We decided to do it as a "turnkey" project. Prior to this method of development, the only choice housing authorities had was to hire an architect who drew the plans. Then the housing authority would bid out the design, buy the land, and bid out the construction. With the new method, turnkey, the developer would present plans and costs and, at the end of the construction project, turn it over to the housing authority when it was ready for occupancy. It was a new way to do the buildings, it was faster, and we wanted to be in the new wave.
In your 20s, you're excited about everything, especially with a job as much fun as this one was. I'd always been interested in design, although I wasn't an architect or even a reader of plans, but this was my baby and I wanted to do it! I took classes. I learned to read plans. I studied. I questioned people until they were sick of me.
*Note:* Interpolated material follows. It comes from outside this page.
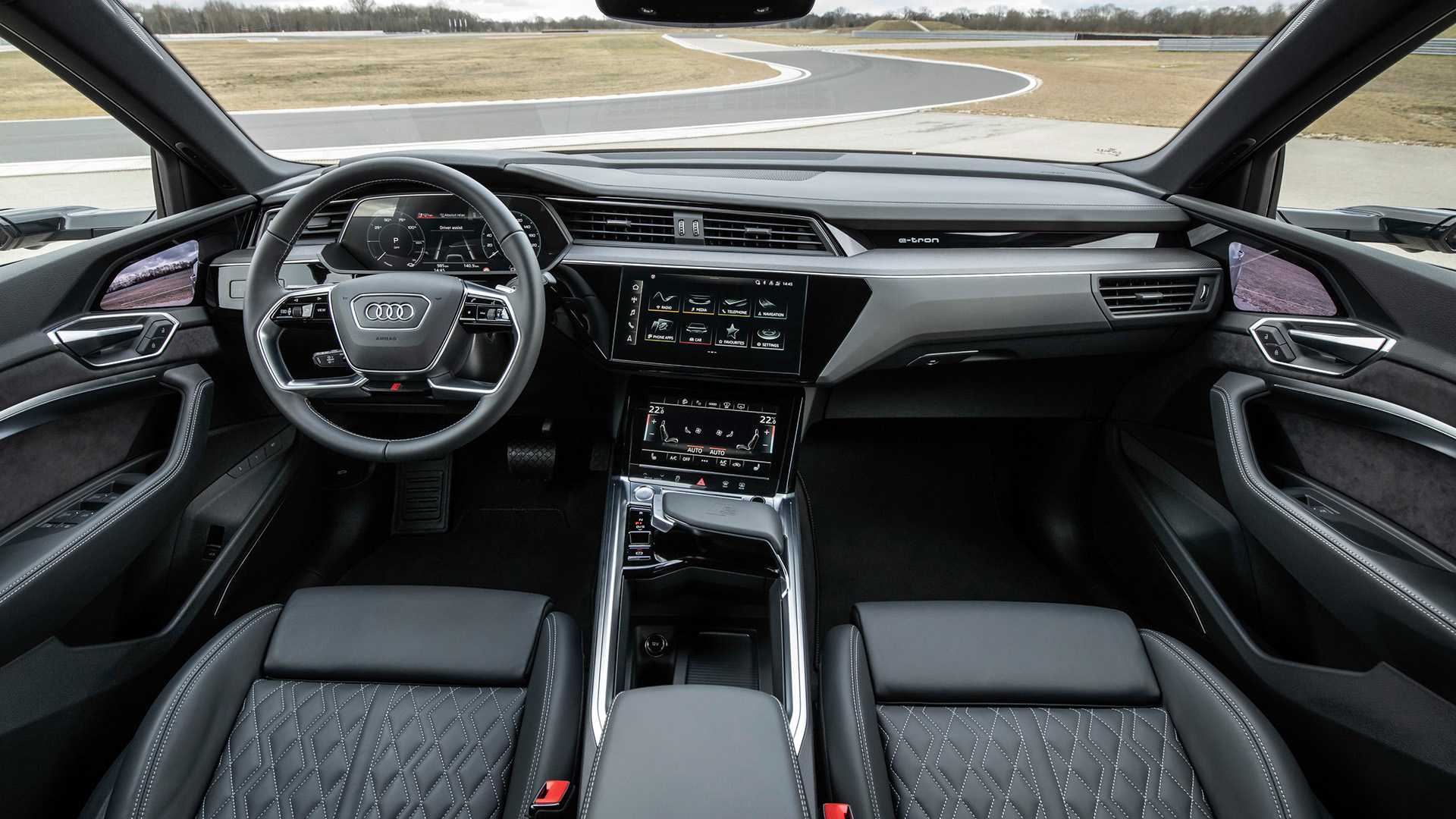 Audi e-tron S Sportback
We finally awarded a contract to a developer. I got to go all the way to the HUD office in Chicago to present plans with the developer and report on the construction progress. They didn't have state HUD offices then, only regional HUD offices.
I remember Mr. Papadopolis, a HUD staff person, who reviewed the plans. I think it was hard for him not to wonder why my housing authority had hired this 20-something, and perhaps laugh (behind his hands and my back, of course). I held my head up and talked the talk about the plans like a pro —well, sort of like a pro.
I got a hard hat that barely fit over my updo hairstyle, and I lived every nail in every board and every concrete pour. I stood on each floor as the building went up, and as I looked down into what would be the elevator shaft, I envisioned all the people who were going to live in this wonderful building. The nine-story elderly highrise was being built sort-of-at-the-top-of-the-hill, looking down on Concord Street.